New South Wales Gaming Facility Facial Recognition Expanding

Posted on: October 19, 2022, 06:37h. 

Last updated on: October 19, 2022, 02:21h.

The use of facial recognition technology is more controversial and polarizing than the Green New Deal. Still, it continues to expand, especially in Australia, where New South Wales (NSW) gaming facilities are the latest to embrace the technology.

City Tattersalls Club in NSW
The City Tattersalls Club in New South Wales is one of many venues that’s a member of ClubsNSW. The group is going to expand the use of facial recognition across the state next year. (Image: The Senior)

ClubsNSW and Australian Hotels Association NSW, which are supported by Ladbrokes, IGT, and others, are collaborating to roll out more facial recognition solutions in licensed gaming venues. This builds on a pilot program NSW introduced earlier at six clubs in the state.
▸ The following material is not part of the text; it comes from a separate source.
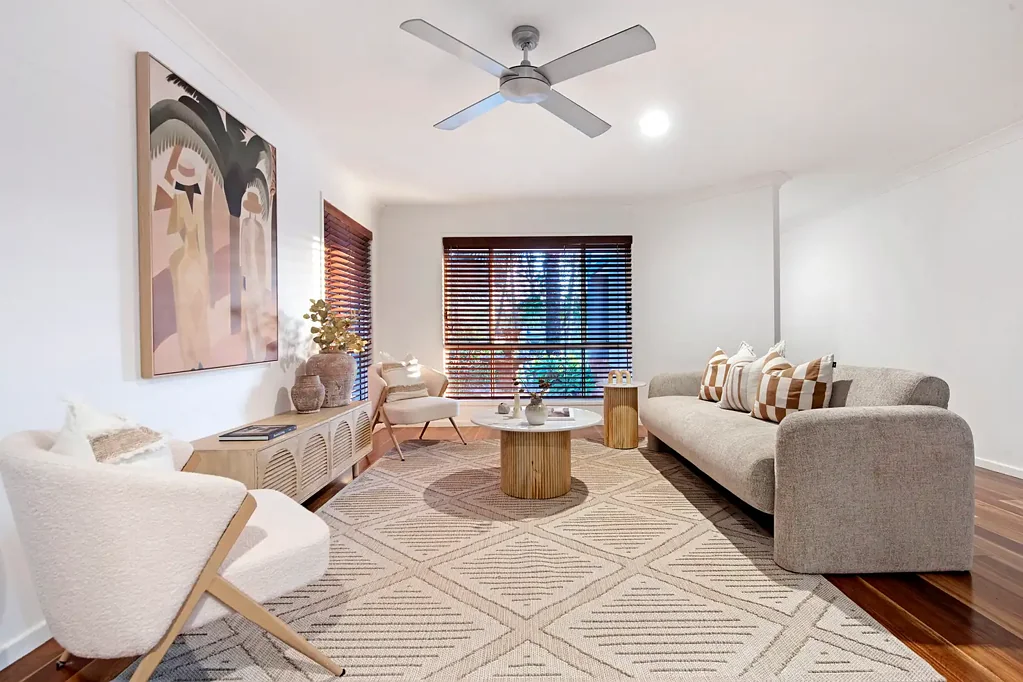 Mudgeeraba 3ਬੈੱਡਰੂਮ AMAZING VALUE HOME IN SOUGHT AFTER ESTATE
Not everyone is as enthusiastic about the idea.

Wheels Already Turning

With the technology in place, gamblers will have to scan their faces before stepping foot on a gaming floor. In addition, facial recognition cameras will monitor the gaming areas. The images will be compared against a database to determine if an individual opted for a self-imposed gambling ban. If so, he or she won’t be able to gamble. The gaming venues will reportedly never have access to the data.

The program has proven to be successful and well-received, according to ClubsNSW CEO Josh Landis. He said in a statement that 85% of respondents to a survey indicated their support for the program.

Similar programs are being introduced in other Australian states, including the Australian Capital Territory (ACT) and Queensland. In addition, Star Entertainment uses facial rec at its Sydney casino in NSW, according to the company.

Clubs have a demonstrated commitment to protecting their members and patrons from gambling harm and this technology will take the world-leading Multi-Venue Self-Exclusion program to the next level,” Landis said.

He added that there are almost 100 clubs that use facial recognition technology, and said it’s time to expand, based on the results. The CEO of Australian Hotels Association NSW, John Whelan, agrees, calling facial recognition a “powerful tool” that his group welcomes to the industry.

The wheels are in motion and the organizations are ready to move forward. Barring any government or regulatory intervention, facial recognition technology could arrive in all clubs and hotels in NSW next year.

Political Pushback

The rollout of facial recognition is facing opposition from some politicians. Cate Faehrmann, an NSW member of parliament, would stop it dead in its tracks if she could.

The Greens Party member believes facial recognition crosses the line on privacy. She said its implementation is just an example of the gaming industry trying to avoid cashless gaming, which would go further in reducing gambling harm. Cashless gaming is already beginning to arrive across NSW, Tasmania, and other states.

The NSW government has lost its mind if it thinks people want pubs and clubs to have self-managed facial recognition tech. This is as terrifying as it is absurd,” Fahermann said.

She would prefer that the government have control over gaming activity.

The Green Party also wants no one to be able to access gambling machines between midnight and noon. Given that around 1.8 million Australians work at night, according to Hiring Lab, this would cut them off from the leisure activity.